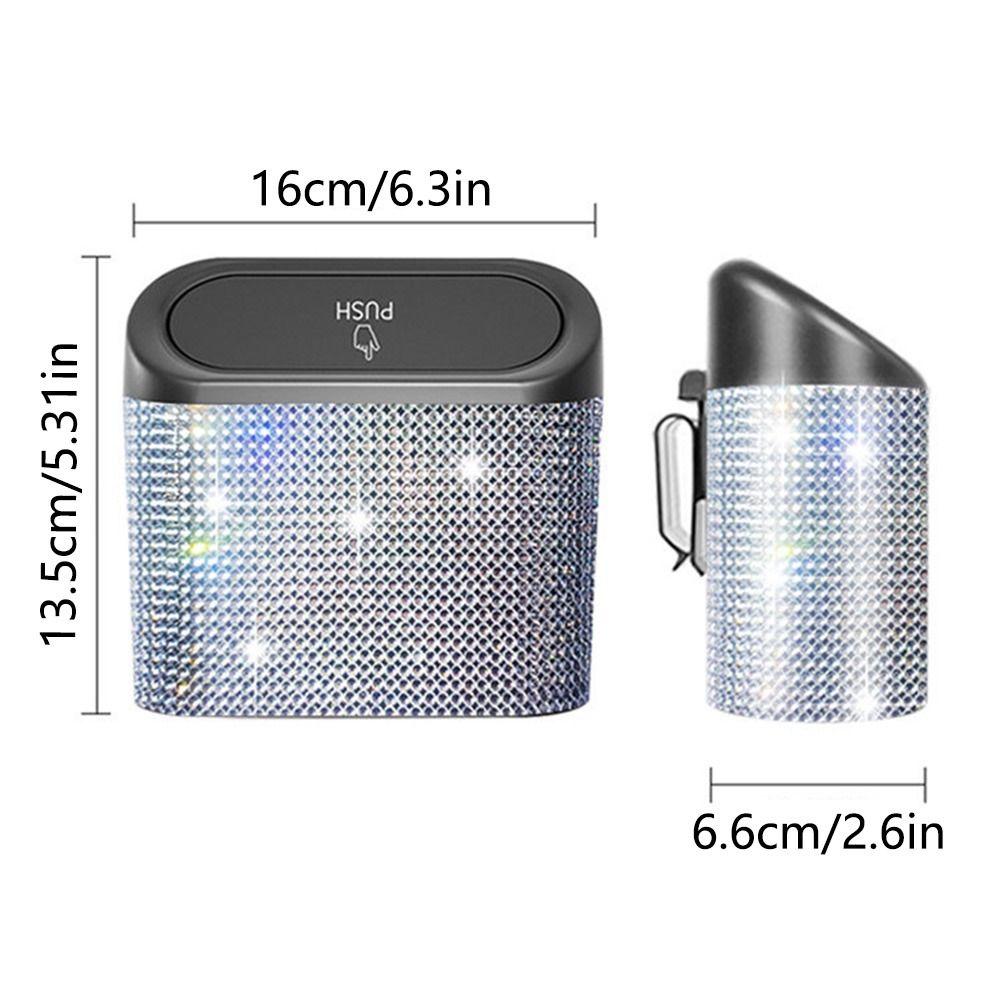 Bling Rhinestones Auto Unbrella Storage Box Removable Vehicle Hanging Dust Case  Seat Back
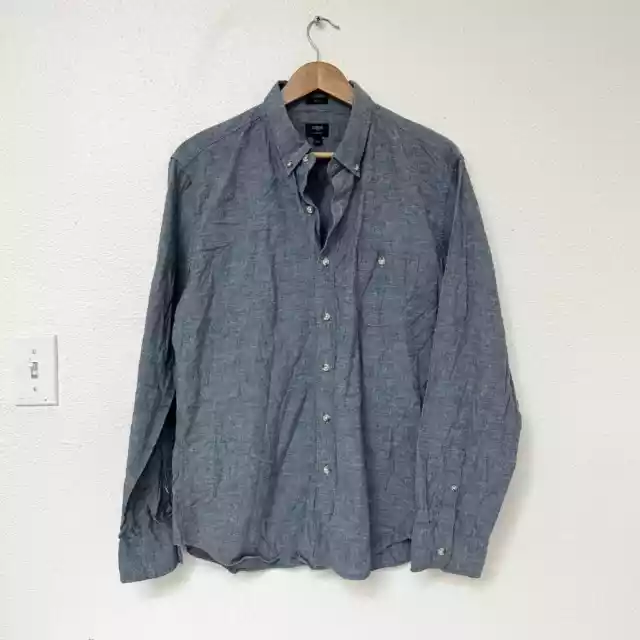 Mens J. Crew Slim Fit Button Down Chambray Casual Shirt L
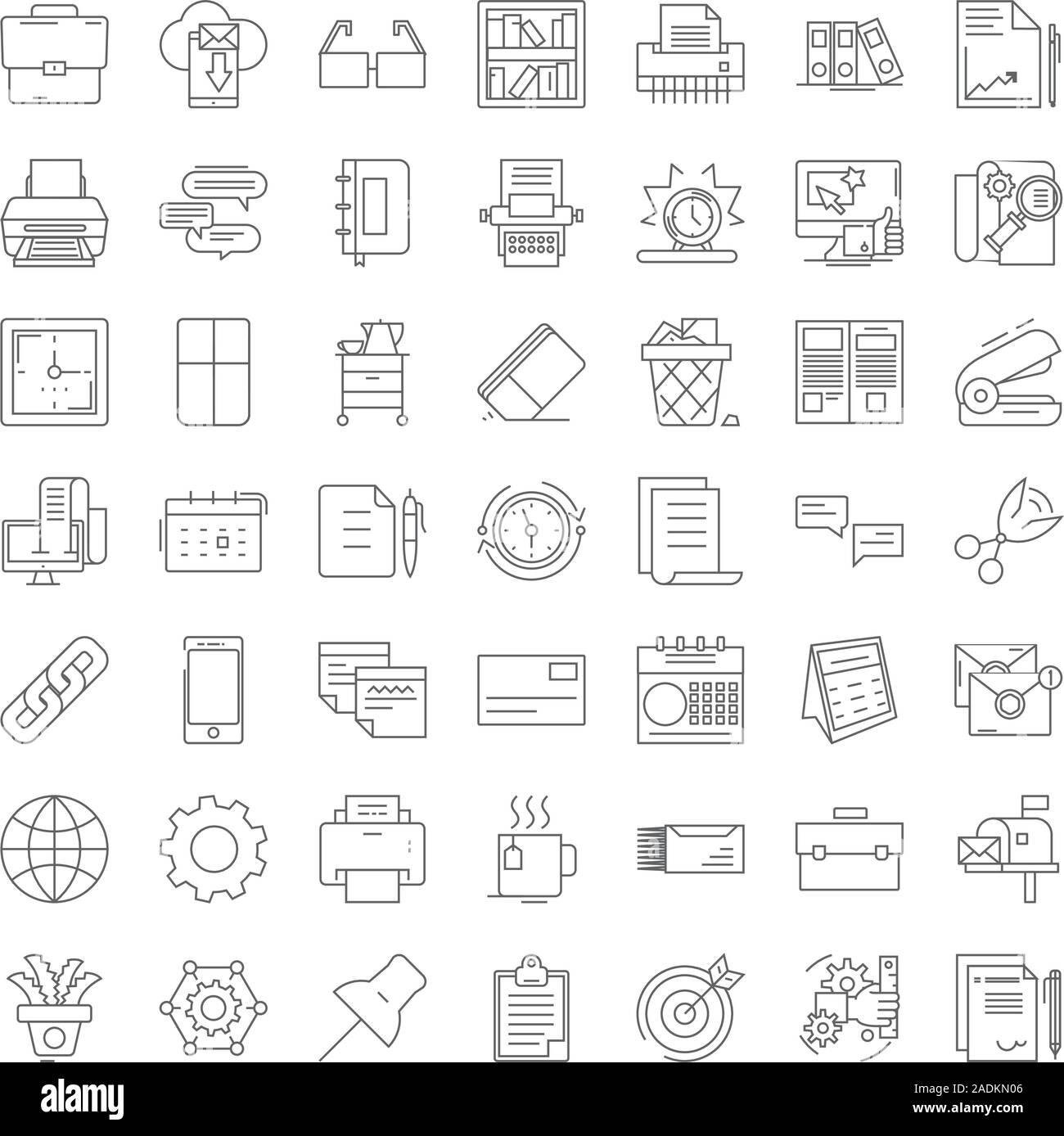 Office supplies linear icons, signs, symbols vector line illustration ...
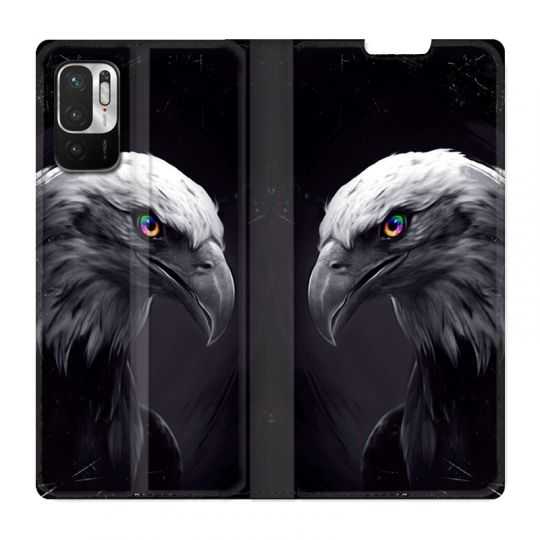 Housse Cuir Portefeuille Pour Xiaomi Redmi Note 10 5G Aigle Royal Noir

**TASK REQUIREMENTS:**
An exact transcript is required, covering the lines from the one containing "Office supplies linear" through the end of the listing above, inclusive, without pictures.

**YOUR RESPONSE:**
 Office supplies linear icons, signs, symbols vector line illustration ...
 Housse Cuir Portefeuille Pour Xiaomi Redmi Note 10 5G Aigle Royal Noir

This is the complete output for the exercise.